**Problem details:**
Below are the entries. Print only the lines starting at the one with "This vehicle has" and ending at the one with "This is a 2007", exactly, with no pictures.

**Data listing:**
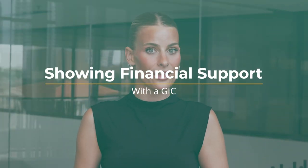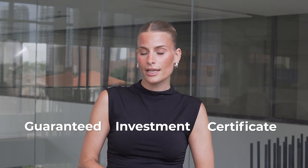One of the magical ingredients to boost your study permit approval chances is none other than the GIC. A GIC, or Guaranteed Investment Certificate, is like a golden key that can unlock your study permit approval.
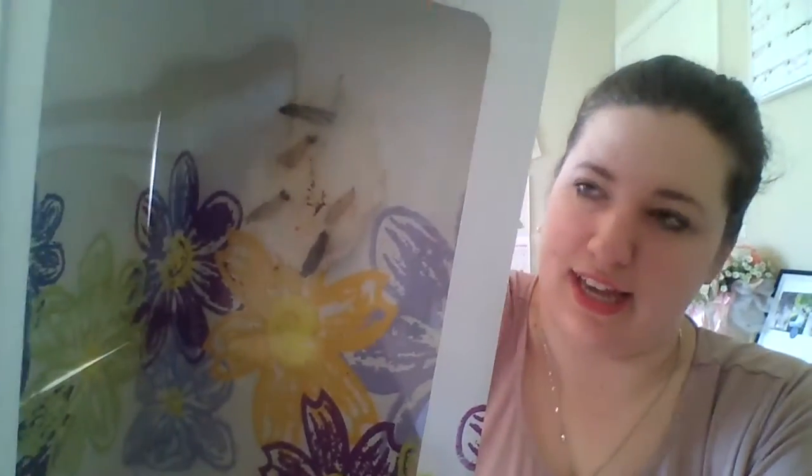All right friends, happy Thursday! Some exciting news, and I will see you again either when we do another video about this last chrysalis hatching, or when Mr. Nelson is free to help me release the butterflies outside. So stay tuned! See you next time!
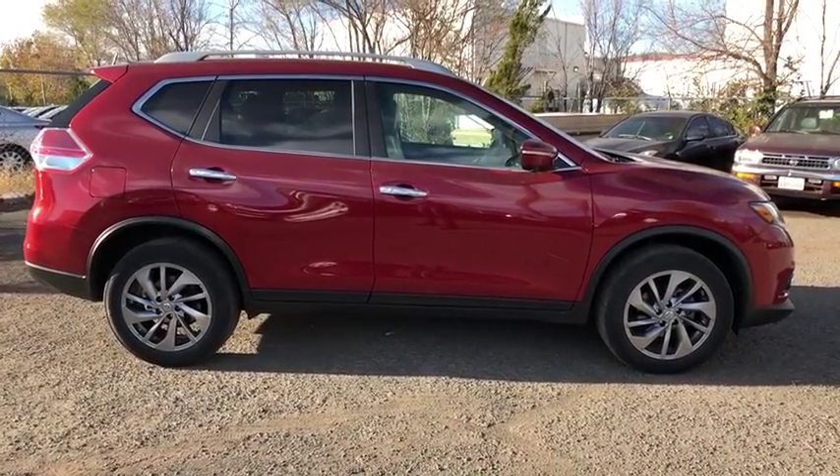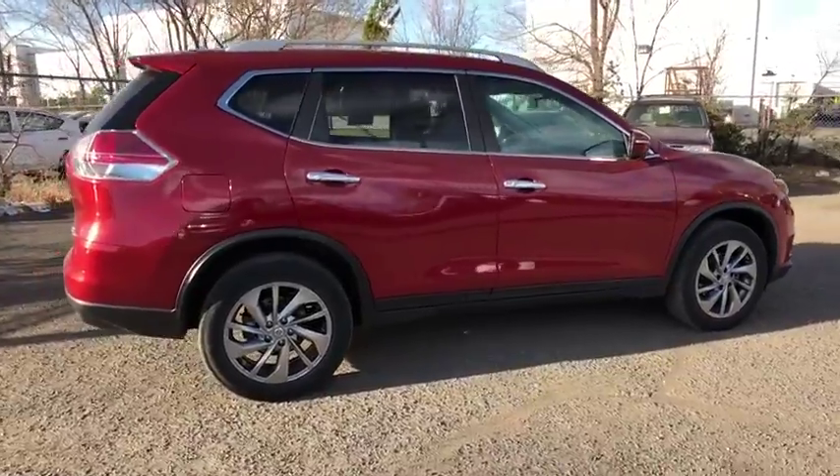This vehicle has less than 50,000 miles. Here are some of this vehicle's great options.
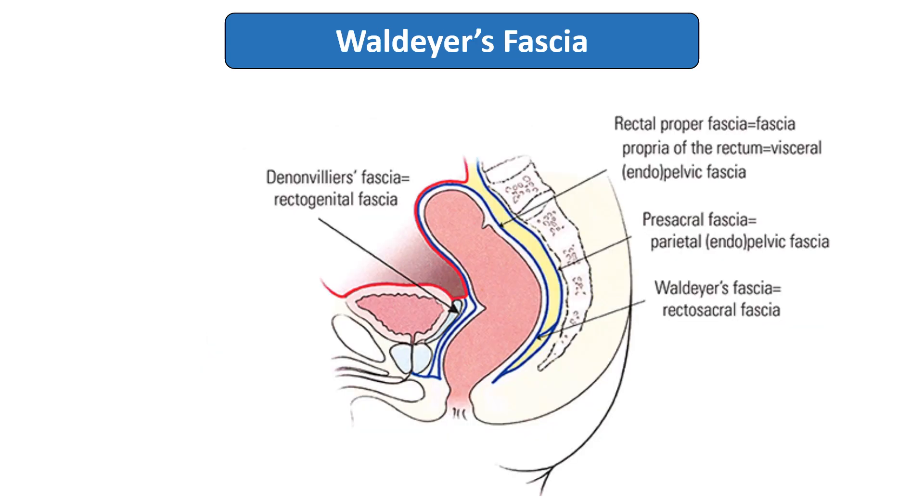The next important structure is Waldeyer's fascia. This is the condensed pelvic fascia located in between the rectum and the sacrum and coccyx. This condensed fascia is known as Waldeyer's fascia, which supports the rectum from the posterior aspect to prevent prolapse.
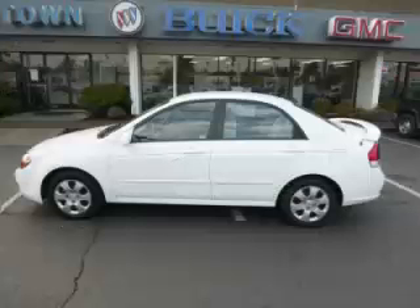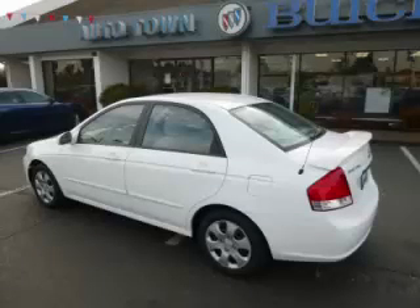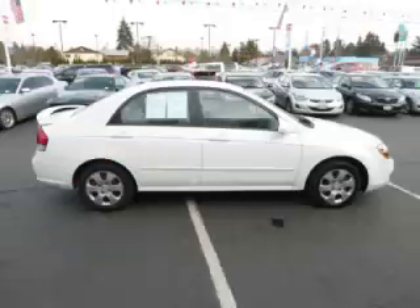This is a 2007 Kia Spectra EX. This Kia just recently passed the 48,000 mile mark and maintains exceptional quality and reliability.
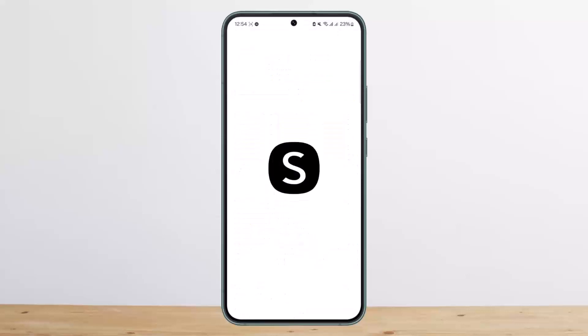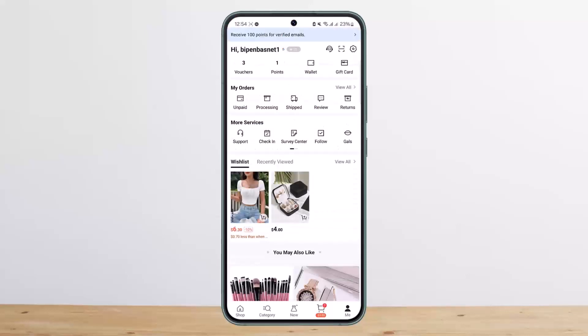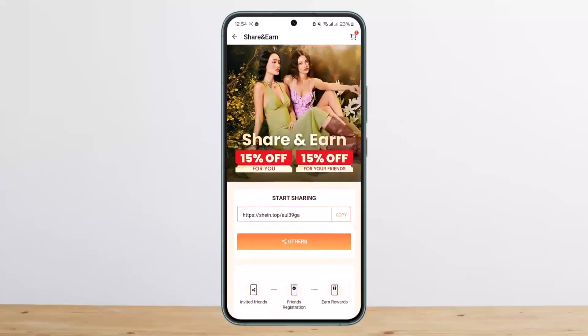If you want to find your reference code, simply open up Shein and head into the Me option. There you should be able to see the option under More Services that says Share and Earn. Tap on it and you'll be able to share your coupon code and earn points as well.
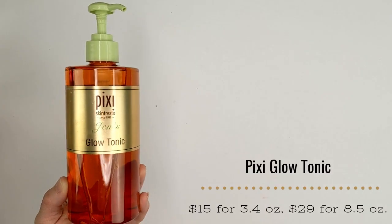So first up, when it comes to getting smoother skin, you have to start with skincare because you want to create that smooth base to apply your makeup. The first skincare I want to talk about today is alpha hydroxy acids. These are an exfoliant that exfoliates the top layer of your skin, and my favorite product for smoothing out my skin is Pixi's Glow Tonic.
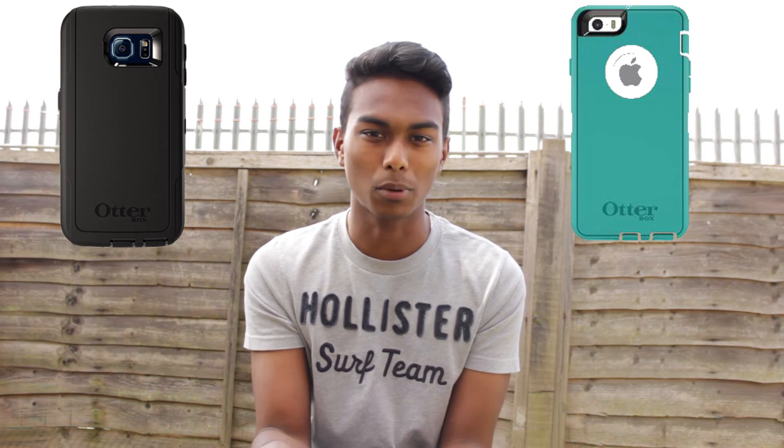Number 4 on the list is OtterBox cases for the Samsung Galaxy S6 Edge and the iPhone 6. OtterBox has a massive lineup of cases for both phones that are very good. They give your phone the protection it needs to keep your screen from cracking. I'll show links for the iPhone 6 case and the Galaxy S6 case — make sure to check both links out and buy one if you have either of these phones.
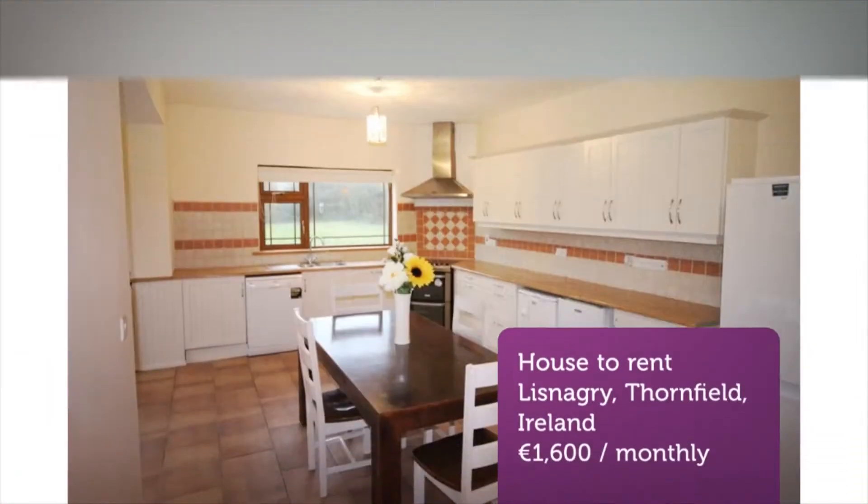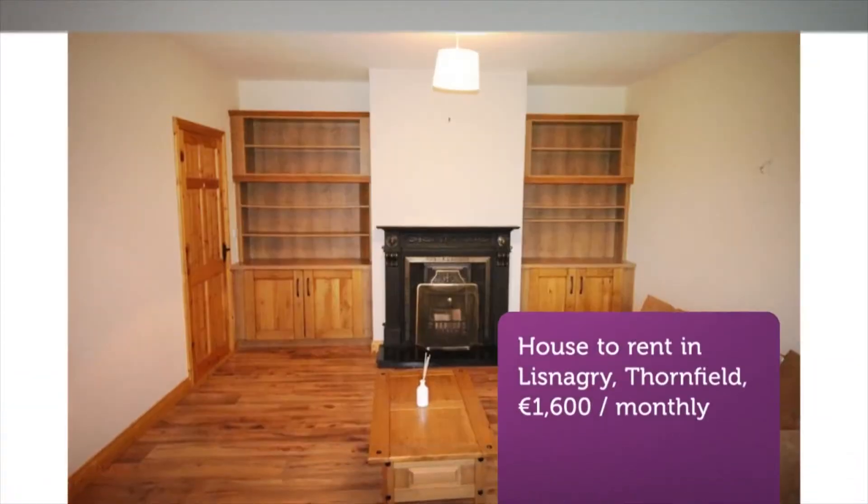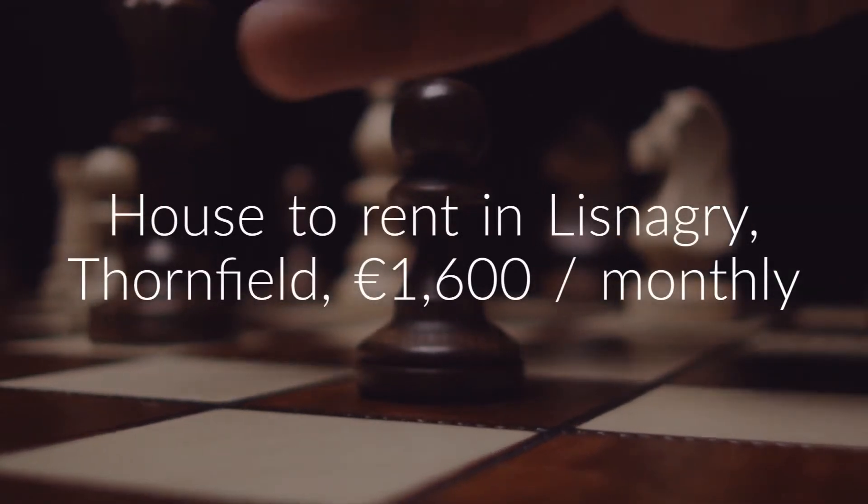Just five kilometers from the suburbs of Annacotty and Castletroy where the University of Limerick, the National Technology Park, and Plassey business parks are located. Viewing of this property is highly recommended.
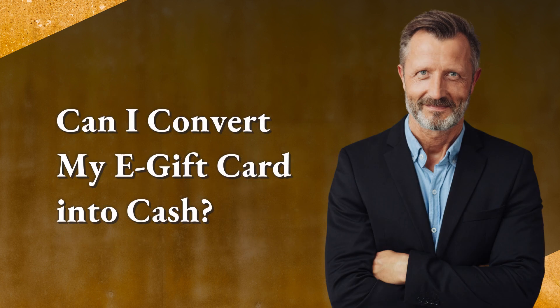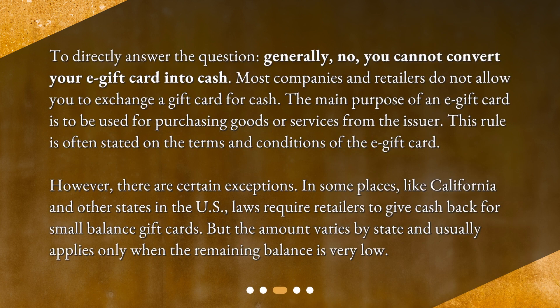Can I convert my e-gift card into cash? To directly answer the question, generally no, you cannot convert your e-gift card into cash. Most companies and retailers do not allow you to exchange a gift card for cash. The main purpose of an e-gift card is to be used for purchasing goods or services from the issuer, and this rule is often stated in the terms and conditions. However, there are certain exceptions. In some places, like California and other states in the U.S., laws require retailers to give cash back for small balance gift cards, though the amount varies by state and usually applies only when the remaining balance is very low.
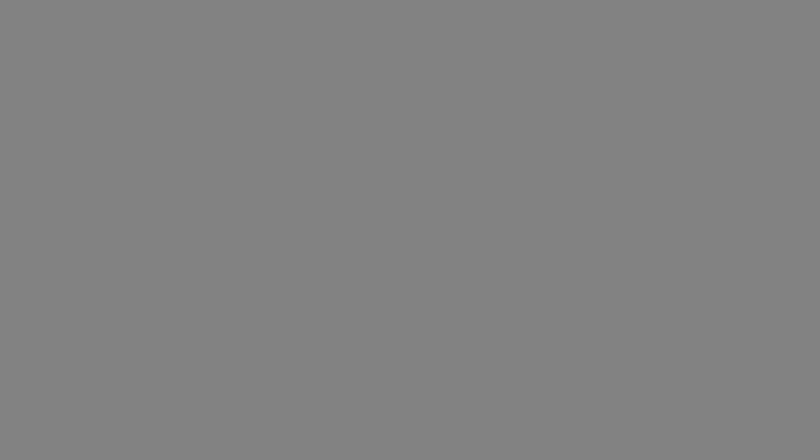The test will still be taken at official testing sites and still be scored on a 400 to 1,600 point scale. The Blue Book app will time out the tests, and the app will restrict students from opening tabs to, let's say, get hints.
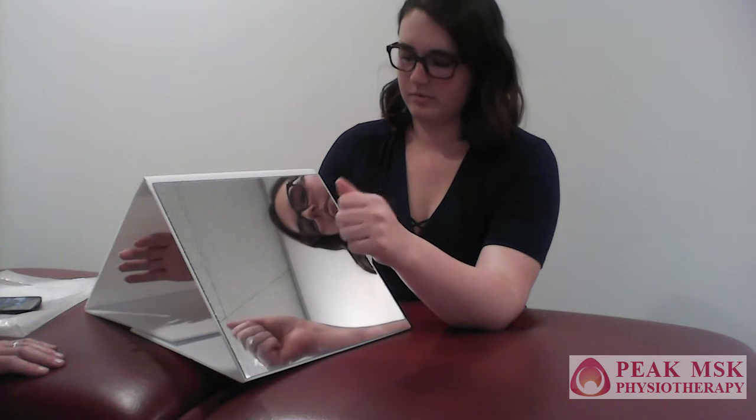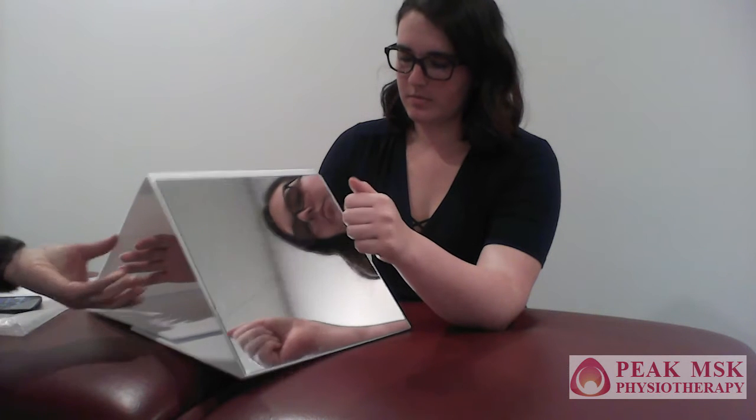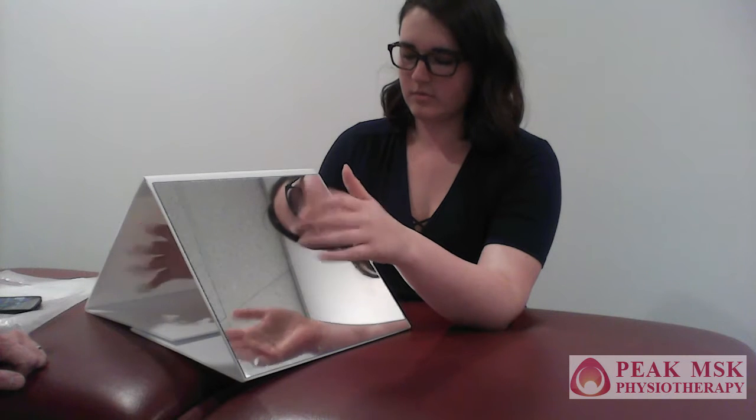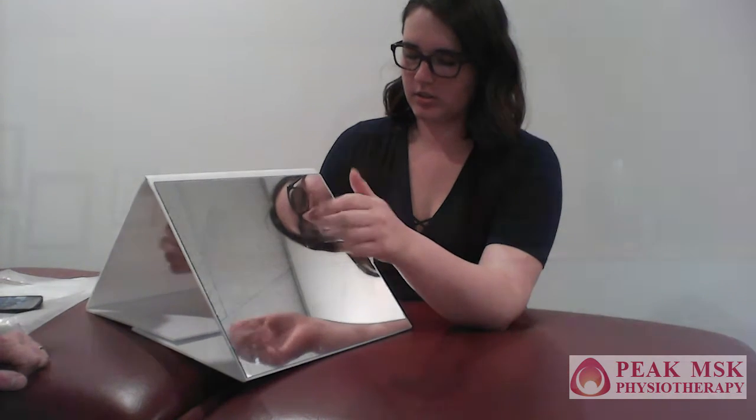Okay great, Bridget. What I'd like you to do is move your left hand and watch what's happening in the mirror. Great. And now can you follow that with your true right hand? Does it feel a bit strange? Okay, we're working a good map there — brilliant, thank you.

**Task result:**
This vehicle has less than 50,000 miles. Here are some of this vehicle's great options.
The next important structure is Waldeyer's fascia. This is the condensed pelvic fascia located in between the rectum and the sacrum and coccyx. This condensed fascia is known as Waldeyer's fascia, which supports the rectum from the posterior aspect to prevent prolapse.
This is a 2007 Kia Spectra EX. This Kia just recently passed the 48,000 mile mark and maintains exceptional quality and reliability.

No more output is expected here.